Y tal vez convenga recordar algo elemental: muchos de los que hoy ostentan cargos públicos fueron, alguna vez, oposición. Marcharon, protestaron, denunciaron, reclamaron, bloquearon calles, encabezaron causas y abrazaron consignas. La incongruencia no está en que los jóvenes salgan a manifestarse; está en que quienes antes exigían apertura hoy pretendan regatearla.
La protesta no fue un arrebato ni una moda. Fue un parteaguas que expresa algo más profundo: la Generación Z exige un Estado que entienda el siglo XXI. Un país donde la seguridad esté garantizada, la tecnología no sea amenaza, la transparencia no sea excepción, la justicia no dependa de influencias y la participación ciudadana no se reduzca al día de la elección. Quieren instituciones que funcionen, gobiernos que expliquen, representantes que rindan cuentas y políticas públicas que respondan a la evidencia, no al capricho.
Cada generación tiene un evento que define su conciencia pública. Para esta generación, esta marcha puede ser ese momento. Porque una vez que un joven pisa la calle para defender lo que cree, ya nunca vuelve al mismo lugar. Quizá el poder aún no lo entienda, pero lo entenderá: la Generación Z no despertó para volver a dormir.
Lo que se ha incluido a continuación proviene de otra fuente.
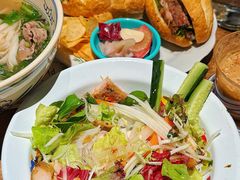 -saigon saigon | 西贡西贡(滨北店)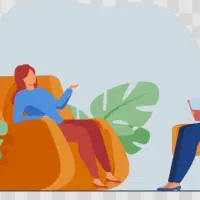 نیازمند منشی خانم (بازنشسته) برای مرکز مشاوره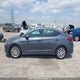 KMHD84LF8JU596398 2018 Hyundai Elantra Gl auction photo thumbnail 14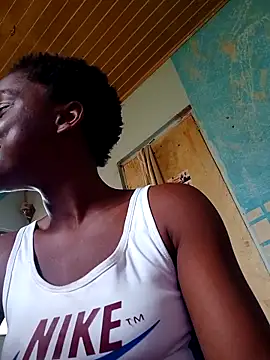 Crazybitchtheanalgoddess4 online show from 23, 9, 2025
Y México —su política, su democracia, su futuro— jamás volverá a ser el mismo después de que la generación más vigilada, más informada y más impaciente de la historia decidió tomar el espacio público y declarar: “AQUÍ COMIENZA NUESTRA ERA.”
“Se es joven cuando se está lejos de la docilidad y el servilismo, si se cree en la solidaridad y en la fraternidad. Cuando se tiene la voluntad de hacer y no de poseer; cuando se sabe vivir al día, para el mañana; cuando se ve siempre hacia adelante. Cuando la rebeldía frente a lo indeseable no ha terminado.”